--- Records for this task Enclosed Below ---

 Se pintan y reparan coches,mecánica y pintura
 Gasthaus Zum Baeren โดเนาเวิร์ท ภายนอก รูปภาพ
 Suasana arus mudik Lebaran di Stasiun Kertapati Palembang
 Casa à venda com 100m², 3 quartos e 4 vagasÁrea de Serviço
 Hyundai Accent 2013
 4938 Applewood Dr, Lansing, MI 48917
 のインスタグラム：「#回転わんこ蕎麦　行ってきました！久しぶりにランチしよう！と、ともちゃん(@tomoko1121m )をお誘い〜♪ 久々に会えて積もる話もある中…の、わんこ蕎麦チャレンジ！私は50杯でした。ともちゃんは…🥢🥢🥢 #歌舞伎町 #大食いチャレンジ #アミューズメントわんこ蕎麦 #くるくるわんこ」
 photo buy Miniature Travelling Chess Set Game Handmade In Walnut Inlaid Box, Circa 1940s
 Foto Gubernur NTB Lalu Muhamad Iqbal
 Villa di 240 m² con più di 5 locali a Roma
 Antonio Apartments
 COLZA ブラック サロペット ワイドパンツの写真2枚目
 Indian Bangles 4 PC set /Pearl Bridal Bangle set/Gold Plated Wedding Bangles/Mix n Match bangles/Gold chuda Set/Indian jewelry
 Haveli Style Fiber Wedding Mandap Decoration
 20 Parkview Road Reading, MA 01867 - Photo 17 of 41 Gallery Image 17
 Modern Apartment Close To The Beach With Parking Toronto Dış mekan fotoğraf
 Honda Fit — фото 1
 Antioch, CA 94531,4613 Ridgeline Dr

--- End of Enclosed Records for this task ---

Exercise brief: Without altering anything, print all of the data again.

Exercise response:
 Se pintan y reparan coches,mecánica y pintura
 Gasthaus Zum Baeren โดเนาเวิร์ท ภายนอก รูปภาพ
 Suasana arus mudik Lebaran di Stasiun Kertapati Palembang
 Casa à venda com 100m², 3 quartos e 4 vagasÁrea de Serviço
 Hyundai Accent 2013
 4938 Applewood Dr, Lansing, MI 48917
 のインスタグラム：「#回転わんこ蕎麦　行ってきました！久しぶりにランチしよう！と、ともちゃん(@tomoko1121m )をお誘い〜♪ 久々に会えて積もる話もある中…の、わんこ蕎麦チャレンジ！私は50杯でした。ともちゃんは…🥢🥢🥢 #歌舞伎町 #大食いチャレンジ #アミューズメントわんこ蕎麦 #くるくるわんこ」
 photo buy Miniature Travelling Chess Set Game Handmade In Walnut Inlaid Box, Circa 1940s
 Foto Gubernur NTB Lalu Muhamad Iqbal
 Villa di 240 m² con più di 5 locali a Roma
 Antonio Apartments
 COLZA ブラック サロペット ワイドパンツの写真2枚目
 Indian Bangles 4 PC set /Pearl Bridal Bangle set/Gold Plated Wedding Bangles/Mix n Match bangles/Gold chuda Set/Indian jewelry
 Haveli Style Fiber Wedding Mandap Decoration
 20 Parkview Road Reading, MA 01867 - Photo 17 of 41 Gallery Image 17
 Modern Apartment Close To The Beach With Parking Toronto Dış mekan fotoğraf
 Honda Fit — фото 1
 Antioch, CA 94531,4613 Ridgeline Dr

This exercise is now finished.